После «изгнания» Акакия Акакиевича «значительное лицо» — этот, казалось бы, безнадежно «официальный» герой — вдруг обнаруживает вполне человеческие черты: «Почти всякий день представлялся ему бледный Акакий Акакиевич, не выдержавший должностного распеканья. Мысль о нем до такой степени тревожила его, что, неделю спустя, он решился даже послать к нему чиновника узнать, что он и как, и нельзя ли в самом деле чем помочь ему; и когда донесли ему, что Акакий Акакиевич умер скоропостижно в горячке, он остался даже пораженным, слышал упреки совести и весь день был не в духе».

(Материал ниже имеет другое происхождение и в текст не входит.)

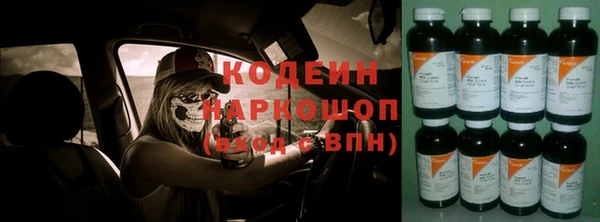 ПСИЛОЦИБИНОВЫЕ ГРИБЫ Балабаново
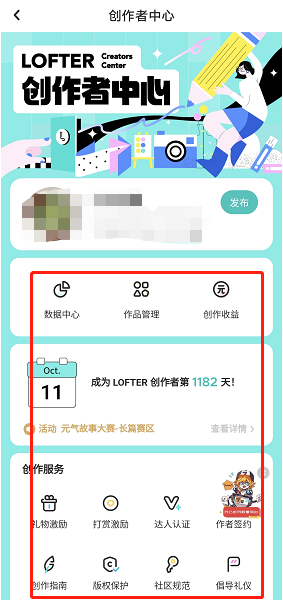 LOFTER创作者中心在哪 LOFTER创作者中心进入方法介绍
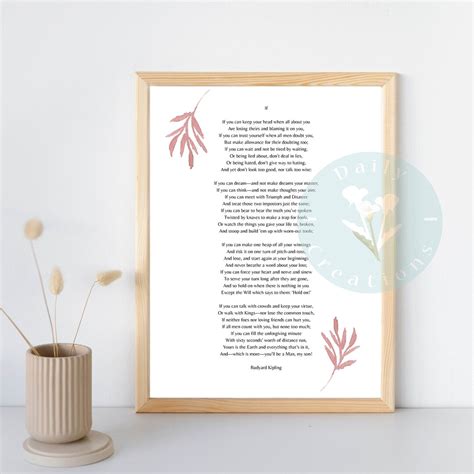 If, Poem by Rudyard Kipling, Printable Poem - Etsy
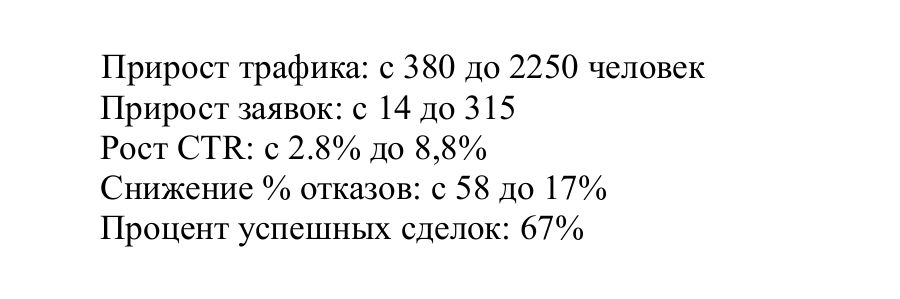 окно.jpg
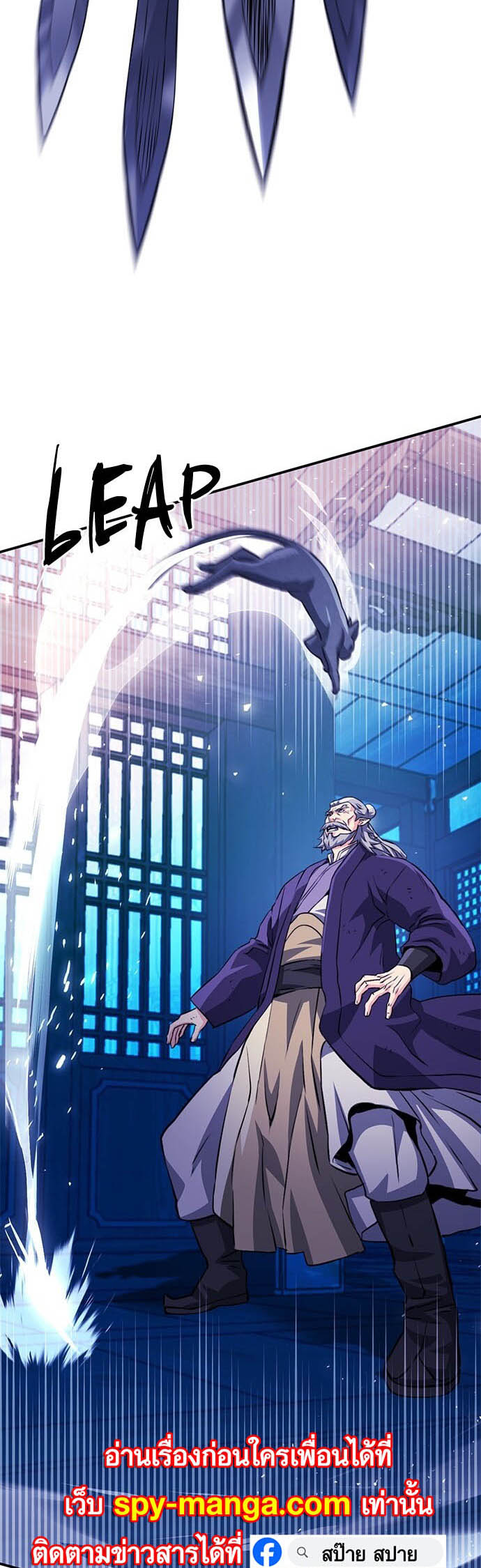 อ่านการ์ตูน Seoul Station Druid 126 ภาพที่ 101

После же того, как с самого «значительного лица» была сдернута шинель, «происшествие сделало на него сильное впечатление. Он даже гораздо реже стал говорить подчиненным: „как вы смеете, понимаете ли, кто перед вами“ и т. д. Это „кто перед вами“ вроде бы свидетельствует, что „значительное лицо“ рассматривает себя как воплощение государства. Но Гоголь ведь достаточно развернуто воссоздает истинную суть „значительного лица“, говоря, в частности: „Он был в душе добрый человек, хорош с товарищами, услужлив, но генеральский чин совершенно сбил его с толку… Он как-то спутался, сбился с пути и совершенно не знал, как ему быть“. Однако в конце повести, как мы видели, „значительное лицо“, пережив, подобно Акакию Акакиевичу, потрясение, в той или иной мере возвращается на путь „доброго человека“. Этого, правда, не хотят замечать те, кто истолковывает „Шинель“ как чисто „гуманную“ повесть; для этой элементарной „идеи“ нужен, так сказать, „злодей“ — и его находят в „значительном лице“.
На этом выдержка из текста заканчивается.